EXERCISE DATA.
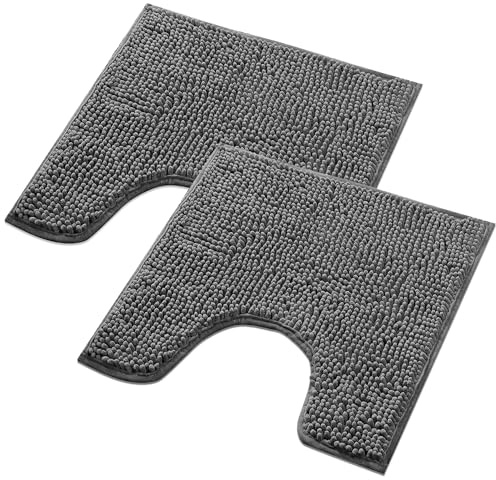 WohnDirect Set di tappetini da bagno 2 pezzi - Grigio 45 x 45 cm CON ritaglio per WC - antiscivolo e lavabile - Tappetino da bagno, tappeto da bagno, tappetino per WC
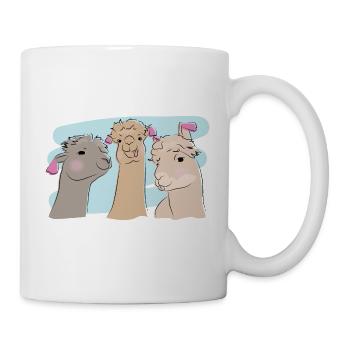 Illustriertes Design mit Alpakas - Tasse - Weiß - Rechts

---

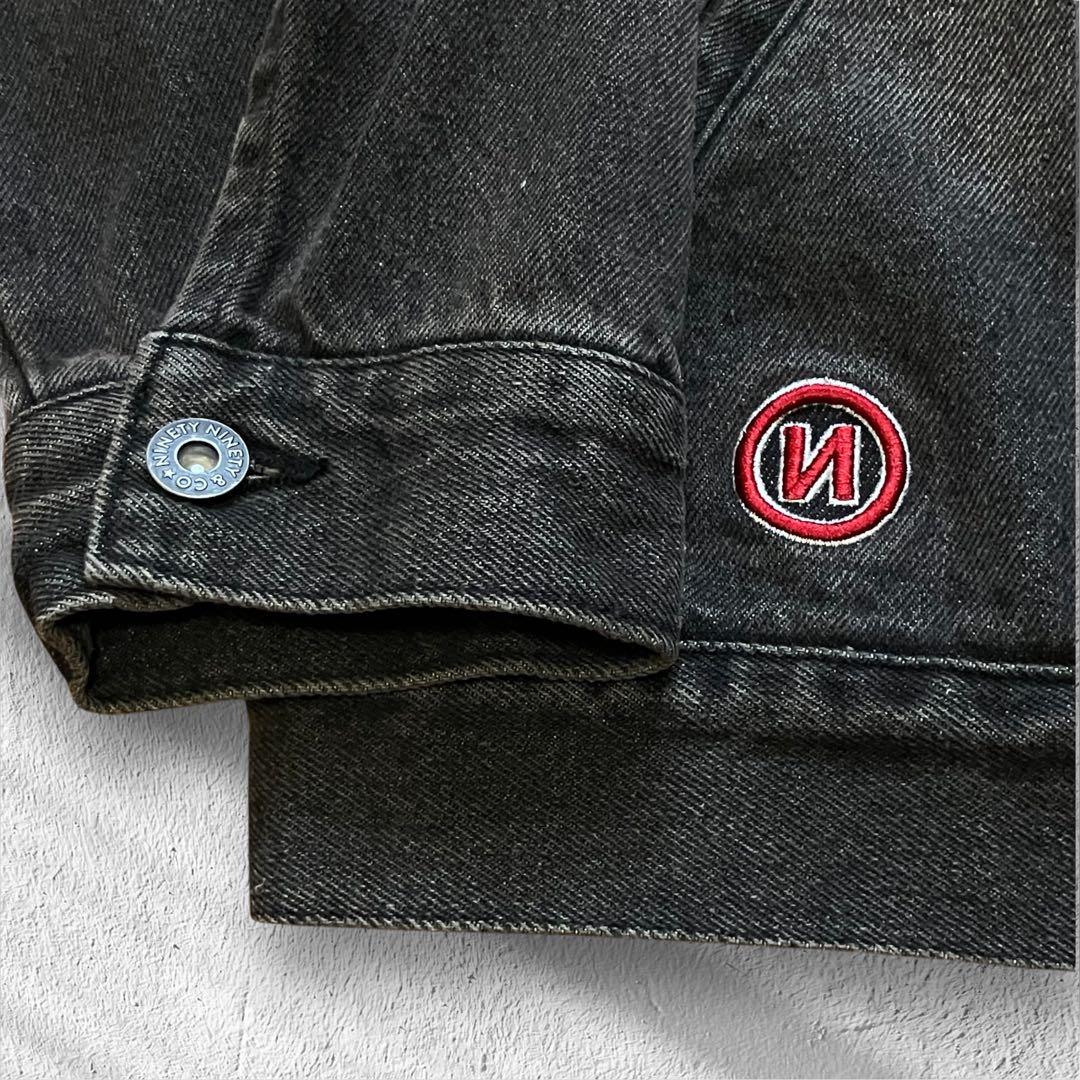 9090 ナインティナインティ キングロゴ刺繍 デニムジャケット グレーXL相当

--

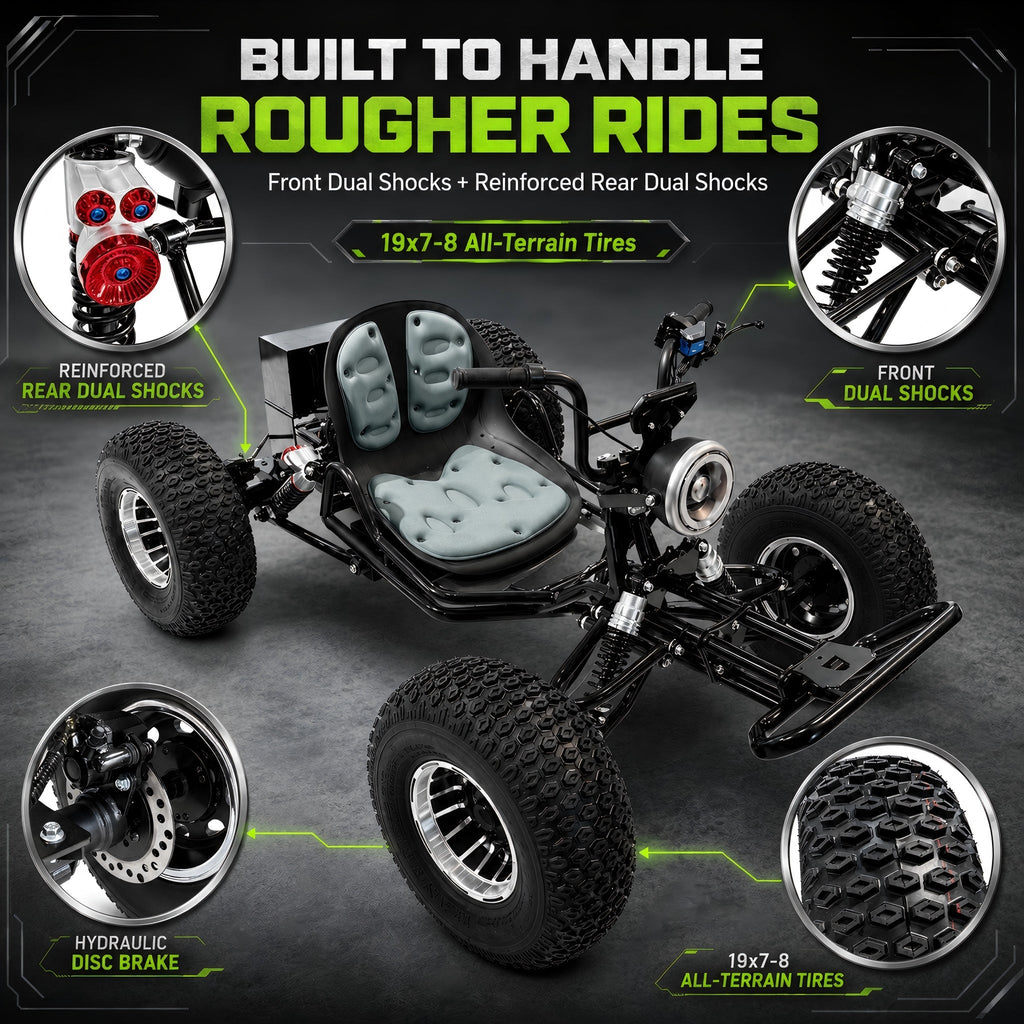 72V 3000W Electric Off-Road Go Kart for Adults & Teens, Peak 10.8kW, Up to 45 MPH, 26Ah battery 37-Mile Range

TASK.
Take the material above and output only the lines from the one that contains "WohnDirect Set di" through the one that contains "Illustriertes Design mit", ends included and images left out.

TASK RESULT.
 WohnDirect Set di tappetini da bagno 2 pezzi - Grigio 45 x 45 cm CON ritaglio per WC - antiscivolo e lavabile - Tappetino da bagno, tappeto da bagno, tappetino per WC
 Illustriertes Design mit Alpakas - Tasse - Weiß - Rechts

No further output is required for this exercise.